SUPPLIED RECORDS below:
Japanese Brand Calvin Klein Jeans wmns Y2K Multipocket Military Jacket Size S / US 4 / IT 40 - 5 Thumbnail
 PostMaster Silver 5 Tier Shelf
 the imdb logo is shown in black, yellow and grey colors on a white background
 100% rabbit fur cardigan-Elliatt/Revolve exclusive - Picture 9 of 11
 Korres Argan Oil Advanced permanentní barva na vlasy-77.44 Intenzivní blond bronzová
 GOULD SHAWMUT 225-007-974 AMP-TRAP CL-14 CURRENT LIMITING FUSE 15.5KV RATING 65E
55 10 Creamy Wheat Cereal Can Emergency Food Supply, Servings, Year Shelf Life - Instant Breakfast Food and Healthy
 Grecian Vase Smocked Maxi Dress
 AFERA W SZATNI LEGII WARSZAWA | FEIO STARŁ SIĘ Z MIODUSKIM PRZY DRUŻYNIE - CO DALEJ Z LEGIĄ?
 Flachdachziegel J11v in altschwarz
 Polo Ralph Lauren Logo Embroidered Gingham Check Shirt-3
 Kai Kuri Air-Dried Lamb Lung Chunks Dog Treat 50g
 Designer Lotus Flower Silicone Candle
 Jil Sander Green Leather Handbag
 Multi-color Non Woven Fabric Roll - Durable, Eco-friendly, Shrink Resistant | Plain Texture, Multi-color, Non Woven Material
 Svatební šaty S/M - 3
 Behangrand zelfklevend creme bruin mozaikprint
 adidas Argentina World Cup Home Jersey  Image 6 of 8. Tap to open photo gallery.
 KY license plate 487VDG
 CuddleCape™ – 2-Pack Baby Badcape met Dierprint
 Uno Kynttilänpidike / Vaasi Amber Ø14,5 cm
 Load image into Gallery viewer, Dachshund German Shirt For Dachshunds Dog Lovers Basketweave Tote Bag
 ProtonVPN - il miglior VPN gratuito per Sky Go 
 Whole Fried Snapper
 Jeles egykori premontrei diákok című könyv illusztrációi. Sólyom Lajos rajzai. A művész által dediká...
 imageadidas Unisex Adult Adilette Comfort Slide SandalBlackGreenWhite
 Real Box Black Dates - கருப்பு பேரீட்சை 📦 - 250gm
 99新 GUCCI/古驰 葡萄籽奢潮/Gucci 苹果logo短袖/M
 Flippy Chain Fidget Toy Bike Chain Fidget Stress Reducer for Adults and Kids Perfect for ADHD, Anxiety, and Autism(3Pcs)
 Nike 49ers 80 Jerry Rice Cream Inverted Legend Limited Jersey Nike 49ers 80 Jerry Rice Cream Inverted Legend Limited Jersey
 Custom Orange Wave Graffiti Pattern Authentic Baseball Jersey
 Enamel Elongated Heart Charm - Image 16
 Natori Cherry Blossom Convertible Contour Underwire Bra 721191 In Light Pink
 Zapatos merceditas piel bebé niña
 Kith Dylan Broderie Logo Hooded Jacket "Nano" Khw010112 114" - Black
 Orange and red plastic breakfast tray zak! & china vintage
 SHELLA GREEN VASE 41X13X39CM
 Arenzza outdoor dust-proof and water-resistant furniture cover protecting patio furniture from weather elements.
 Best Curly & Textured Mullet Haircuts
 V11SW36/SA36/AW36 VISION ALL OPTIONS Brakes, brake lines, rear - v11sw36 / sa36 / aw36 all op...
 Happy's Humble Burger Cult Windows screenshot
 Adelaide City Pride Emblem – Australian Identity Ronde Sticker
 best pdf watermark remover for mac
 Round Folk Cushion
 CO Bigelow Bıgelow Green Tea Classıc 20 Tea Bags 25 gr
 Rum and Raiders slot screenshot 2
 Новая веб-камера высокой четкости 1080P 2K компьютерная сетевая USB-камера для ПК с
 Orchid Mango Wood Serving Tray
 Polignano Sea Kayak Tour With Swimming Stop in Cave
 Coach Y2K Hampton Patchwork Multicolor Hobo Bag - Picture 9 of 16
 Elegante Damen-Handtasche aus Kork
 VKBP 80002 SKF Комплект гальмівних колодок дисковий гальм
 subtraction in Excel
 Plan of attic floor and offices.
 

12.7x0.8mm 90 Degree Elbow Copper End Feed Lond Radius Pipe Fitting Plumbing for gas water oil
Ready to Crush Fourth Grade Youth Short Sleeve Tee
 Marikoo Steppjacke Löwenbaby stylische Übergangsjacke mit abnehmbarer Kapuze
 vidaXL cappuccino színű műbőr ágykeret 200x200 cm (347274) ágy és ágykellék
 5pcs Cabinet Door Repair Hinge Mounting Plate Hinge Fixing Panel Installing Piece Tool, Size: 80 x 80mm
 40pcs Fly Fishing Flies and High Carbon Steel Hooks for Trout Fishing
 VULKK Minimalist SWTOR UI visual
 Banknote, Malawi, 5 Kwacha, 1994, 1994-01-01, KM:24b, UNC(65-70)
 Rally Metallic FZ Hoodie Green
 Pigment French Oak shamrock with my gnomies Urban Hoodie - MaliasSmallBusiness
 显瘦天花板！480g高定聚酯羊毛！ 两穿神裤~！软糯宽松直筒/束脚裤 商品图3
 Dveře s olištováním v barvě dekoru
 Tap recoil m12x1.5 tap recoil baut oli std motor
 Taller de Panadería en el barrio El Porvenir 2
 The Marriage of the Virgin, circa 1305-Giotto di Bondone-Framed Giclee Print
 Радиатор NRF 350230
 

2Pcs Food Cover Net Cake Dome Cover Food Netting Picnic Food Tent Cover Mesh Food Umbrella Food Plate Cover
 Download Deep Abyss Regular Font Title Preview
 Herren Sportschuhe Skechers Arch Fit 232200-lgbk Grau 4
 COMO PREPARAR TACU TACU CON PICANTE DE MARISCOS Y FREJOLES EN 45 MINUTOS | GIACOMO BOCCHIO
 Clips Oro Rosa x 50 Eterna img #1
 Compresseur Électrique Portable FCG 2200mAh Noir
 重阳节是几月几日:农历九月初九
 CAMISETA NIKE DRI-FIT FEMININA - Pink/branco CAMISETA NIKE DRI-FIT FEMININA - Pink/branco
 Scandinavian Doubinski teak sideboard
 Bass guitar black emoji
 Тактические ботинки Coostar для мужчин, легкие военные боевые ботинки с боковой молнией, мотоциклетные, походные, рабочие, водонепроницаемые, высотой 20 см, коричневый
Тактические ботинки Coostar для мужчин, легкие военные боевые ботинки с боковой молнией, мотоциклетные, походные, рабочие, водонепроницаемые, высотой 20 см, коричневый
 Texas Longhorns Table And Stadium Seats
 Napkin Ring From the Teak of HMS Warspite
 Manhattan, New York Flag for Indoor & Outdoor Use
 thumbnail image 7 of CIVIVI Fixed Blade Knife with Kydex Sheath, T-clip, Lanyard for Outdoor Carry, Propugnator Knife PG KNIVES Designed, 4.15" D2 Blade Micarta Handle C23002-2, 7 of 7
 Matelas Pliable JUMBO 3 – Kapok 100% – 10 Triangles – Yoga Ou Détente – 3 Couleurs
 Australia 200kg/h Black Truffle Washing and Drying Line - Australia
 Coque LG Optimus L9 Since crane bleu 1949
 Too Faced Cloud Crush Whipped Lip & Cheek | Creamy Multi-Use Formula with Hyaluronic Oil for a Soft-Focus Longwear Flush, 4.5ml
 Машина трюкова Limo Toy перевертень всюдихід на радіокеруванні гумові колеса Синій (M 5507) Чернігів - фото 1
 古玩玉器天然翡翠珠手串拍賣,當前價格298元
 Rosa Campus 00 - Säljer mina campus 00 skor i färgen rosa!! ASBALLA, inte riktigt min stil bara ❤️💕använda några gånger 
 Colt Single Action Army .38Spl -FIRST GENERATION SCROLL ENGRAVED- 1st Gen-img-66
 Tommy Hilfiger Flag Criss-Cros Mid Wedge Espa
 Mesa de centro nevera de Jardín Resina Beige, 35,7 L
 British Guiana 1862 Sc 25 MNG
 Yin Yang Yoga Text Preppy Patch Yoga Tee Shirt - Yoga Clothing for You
End of SUPPLIED RECORDS.
TASK INSTRUCTIONS =
Please copy nothing but the lines from the one that holds "古玩玉器天然翡翠珠手串拍賣,當前價格298元" through the last line of the material above, exactly as written.

OUTPUT FOR THIS TASK =
 古玩玉器天然翡翠珠手串拍賣,當前價格298元
 Rosa Campus 00 - Säljer mina campus 00 skor i färgen rosa!! ASBALLA, inte riktigt min stil bara ❤️💕använda några gånger 
 Colt Single Action Army .38Spl -FIRST GENERATION SCROLL ENGRAVED- 1st Gen-img-66
 Tommy Hilfiger Flag Criss-Cros Mid Wedge Espa
 Mesa de centro nevera de Jardín Resina Beige, 35,7 L
 British Guiana 1862 Sc 25 MNG
 Yin Yang Yoga Text Preppy Patch Yoga Tee Shirt - Yoga Clothing for You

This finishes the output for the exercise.